Garbage Bowl kicks
off Montreal West’s 100th
By Stephen McDougall
Suburban Staff
This year’s Montreal West Garbage Bowl
game not only kicked off the year for Montreal as it always does New Year’s
Day, but it kicked off this town’s 100th birthday.
The renowned Garbage Bowl drew over 250 supporters despite the minus 30 degree
temperature and the icy field and gave the Southern Bombers a 25 to 8 win
over the Northern Combines (their 26th win versus the north’s 17 victories).
“That kick-off was not only for the game, but for our centennial year,” said
Mayor John Simms. “It was Jan. 9, 1897, when the fathers, and mothers,
of this community signed the papers to become a town.”
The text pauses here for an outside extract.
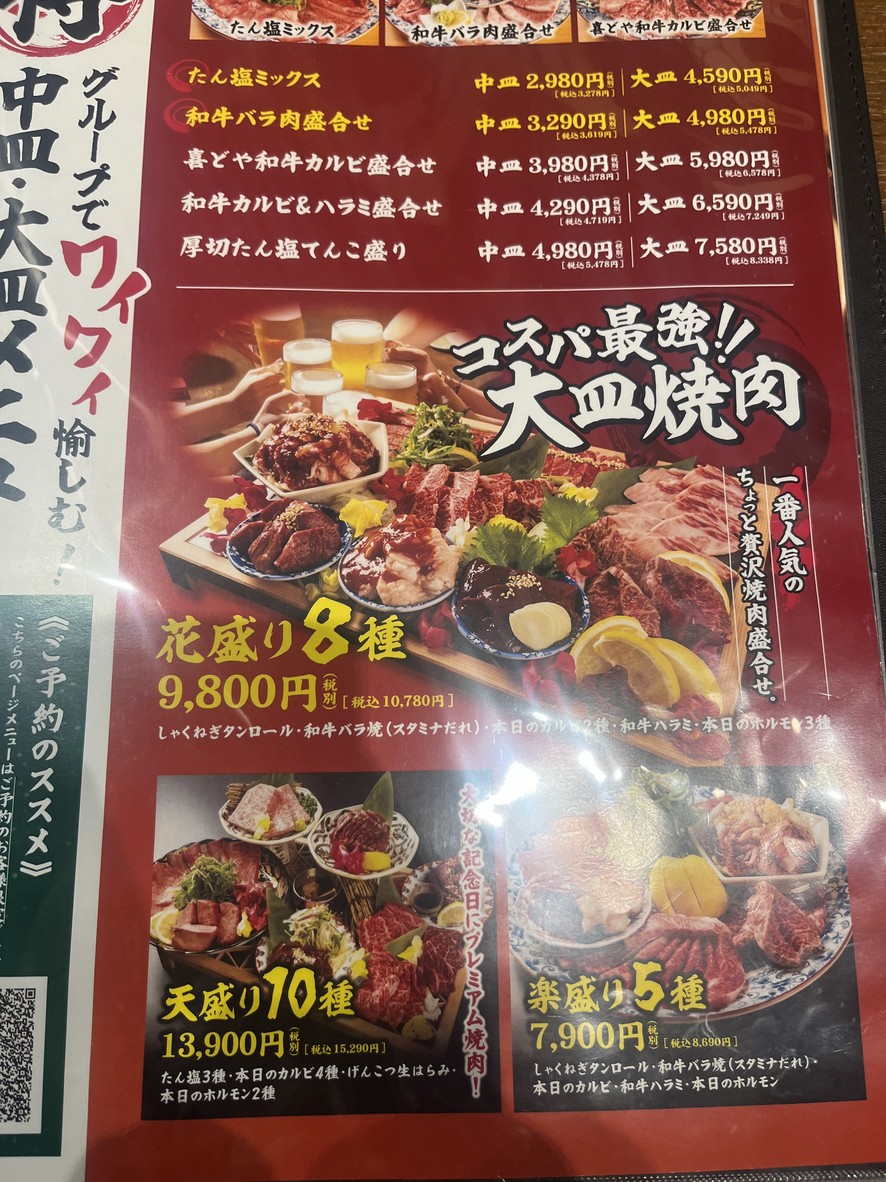 Yakiniku Horumon Ki-Doya (Kiya) menu 5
Although Mr. Simms was not there for that signing, he has been attending the
Garbage Bowl each New Year’s Day since it started in 1949. “I saw
the game when people like Lloyd Johnson, Sam Etchevary, Ted Coulter and Johnny
Newman played here. When the event was floundering in the 1950s, I went to
town hall to encourage the organizers to go on.”
A long-standing member of the Montreal West Rotary Club, Mr. Simms and other
Rotarians have seen hundreds of thousands of dollars raised by the Garbage
Bowl for local charities.
He also knows what the event does for the town’s morale. “People
come here from NDG and the Lakeshore to see the game. Some young residents
I met said they flew back from out west to see it.”
Riviere des Prairies resident Jessica Egiziano decided she wanted to see if
it was true grown males played football in the snow.
“This is strange,” she said after her boyfriend described it to her. “I
asked him if he was sure the game was played New Year’s Day. It was worth
the trip to see it.”
It all started 48 years ago when some young football aficionados found a cure
for New Year’s Day hangovers:
play some football in the snow.
At least, that is what Garbage Bowl veteran Bill Spears would have you believe. “Some
guys were fooling around, and one group challenged another to play out in the
snow and the cold,” said Mr. Spears New Year’s Day, as he held
a cup of coffee with a “wee dram” in it. “After the game,
they found they no longer had a hangover from their New Year’s Eve parties.”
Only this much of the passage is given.